The opening words of the organisers emphasised the surplus value for the citizens of establishing a network between science and legal practice. An impulse-speech of Prof. Dr. Michael Schmidl (lawyer in Munich and honorary professor in Augsburg's faculty of law) then gave an introduction on the basics of European data protection law. He explained that the General Data Protection Regulation (GDPR) is based on the principle, that collecting and processing of data is first and foremost prohibited, unless the law explicitly allows it. Following the transparency principle, is has to be revealed to the person affected, what data is being processed and for what cause. Furthermore, they have a right to information on what personal data is saved and also a right to have the data deleted. But the individually affected person does not have an exclusive right to their own data, as the legitimate interests of third parties to collect the data have to be taken into account. Afterwards, the experts on stage in the areas of politics, science and economy discussed the strengths and weaknesses of data protection law (Prof. Dr. Michael Schmidl, lawyer Munich, honorary professor in Augsburg's faculty of law; Dr. Volker Ullrich, member of parliament, committee for European affairs and for law and consumer protection; Werner Hülsmann, constant chairman of the German association for data protection (Deutsche Vereinigung für Datenschutz e.V. – DVD); Rita Bottler, representative for data protection, Bavarian chamber of industries and commerce (Bayerische Industrie- und Handelskammertag e.V. – BIHK); Werner Stengg, European Commission, Head of Unit „E-Commerce & Online Platforms“ – DG CONNECT; Michael Will, head of ministry department, Bavarian ministry for internal affairs and integration, representative for data protection).

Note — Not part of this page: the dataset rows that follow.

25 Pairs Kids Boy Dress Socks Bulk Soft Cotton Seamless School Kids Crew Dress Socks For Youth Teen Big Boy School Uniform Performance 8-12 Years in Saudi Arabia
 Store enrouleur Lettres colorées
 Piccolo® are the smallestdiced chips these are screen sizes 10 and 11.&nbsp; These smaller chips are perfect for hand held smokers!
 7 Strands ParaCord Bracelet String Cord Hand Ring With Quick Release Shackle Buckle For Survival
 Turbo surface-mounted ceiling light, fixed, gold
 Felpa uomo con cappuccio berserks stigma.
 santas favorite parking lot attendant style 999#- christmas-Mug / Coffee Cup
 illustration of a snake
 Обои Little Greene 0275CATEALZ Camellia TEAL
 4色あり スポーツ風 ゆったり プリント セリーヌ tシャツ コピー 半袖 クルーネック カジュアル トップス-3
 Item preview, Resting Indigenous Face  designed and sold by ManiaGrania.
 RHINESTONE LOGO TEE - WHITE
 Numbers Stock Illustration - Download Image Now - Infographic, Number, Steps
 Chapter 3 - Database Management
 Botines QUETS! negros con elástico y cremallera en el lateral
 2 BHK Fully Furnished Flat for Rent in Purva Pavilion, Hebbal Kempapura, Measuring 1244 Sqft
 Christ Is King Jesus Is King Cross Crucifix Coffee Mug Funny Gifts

Data has evolved to an economical good, as for more and more companies their economic success is dependent on efficiently collecting and processing data. That is why companies are interested in receiving as much personal data as possible and as comprehensive as possible, in order to use these for their economic growth.
Furthermore, collecting and processing data cannot simply be qualified as a disadvantage for citizens. If used responsibly and meaningful, collecting and processing data can have a large, social benefit. One can, for example, think about analysing traffic data for land-use planning. Also, hosts offer their users free content, if they allow the host to observe their search behaviour. Personal data are therefore often the consideration for providing free internet applications. If users would not supply certain information, many applications would not function properly, be less efficient for the user or more expensive. In many cases the processing of data is plainly necessary or can vastly simplify processes.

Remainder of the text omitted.